GetAllProjectsQuery - Benchmark 10 projects

Nothing weird here expect for version 0 that sucks, but we already knew that. It's worth noting that version 2 followed by version 3 allocates the least amount of memory.

100 projects

GetAllProjectsQuery - Benchmark 100 projects

Same pattern, version 2 and 3 allocates the least. What will happen when the json response increases?

1 000 projects

GetAllProjectsQuery - Benchmark 1 000 projects
Now our optimizations really pays off. It's only version 7 and 8 that does not cause any gen 2 collects. Version 6 that uses ResponseContentRead causes gen 2 collects but version 7 that uses ResponseHeadersRead does not... :)
It's also worth looking at the Ratio column, we can clearly see that version 7 and 8 starts to outperform the other versions.

10 000 projects

GetAllProjectsQuery - Benchmark 10 000 projects
Version 8 shines!
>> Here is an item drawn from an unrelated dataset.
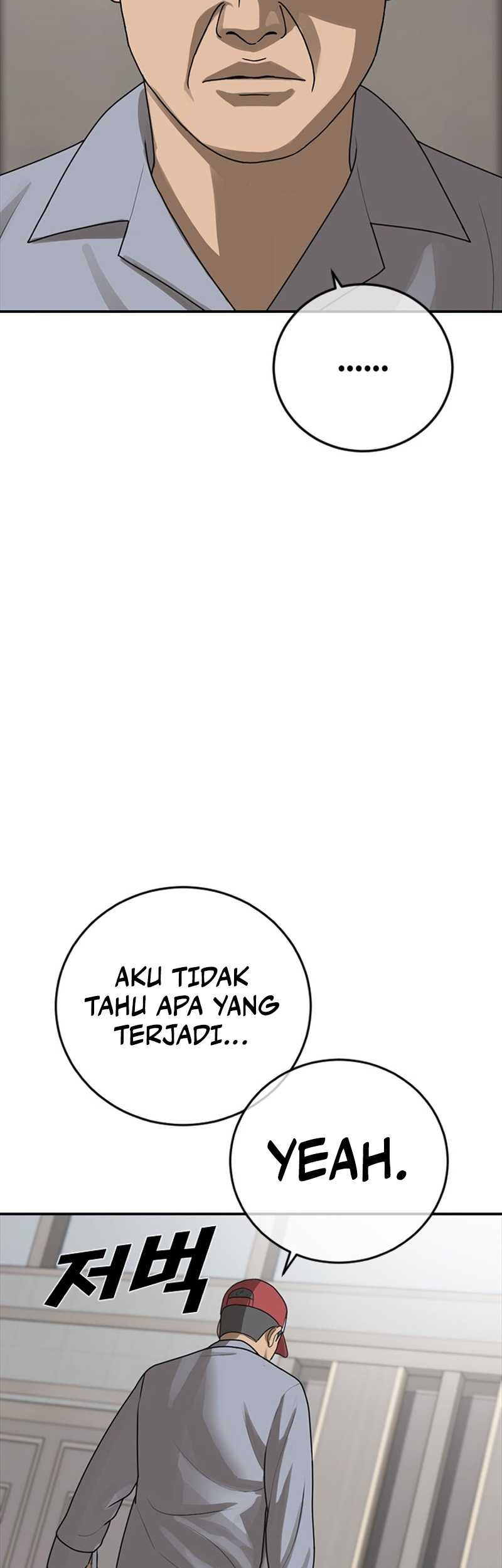Ulzzang Generation Chapter 28 Gambar 9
The custom json deserializer makes a rather big difference here in terms of speed, but also in the allocation part. It's worth noting that the custom deserializer is something that I hacked together in 5 minutes so I know that it has room for improvements.

Benchmark 2

This benchmark resolves the GitHubClient from the ServiceProvider, fetches the data and deserializes it.

10 projects

GitHubClient - Benchmark 10 projects
Same pattern as in benchmark 1, version 0 sucks, version 2 and 3 allocates the least amount.

100 projects

GitHubClient - Benchmark 100 projects
Same as in benchmark 1, worth noting is that version 7 and 8 causes the same amount of gc collects as version 5.

1 000 projects

GitHubClient - Benchmark 1 000 projects
Version 7 and 8 starts to run away, the only two versions that does not cause any gen 2 collects.

10 000 projects

GitHubClient - Benchmark 10 000 projects
The custom json deserializer strikes again, version 8 rocks.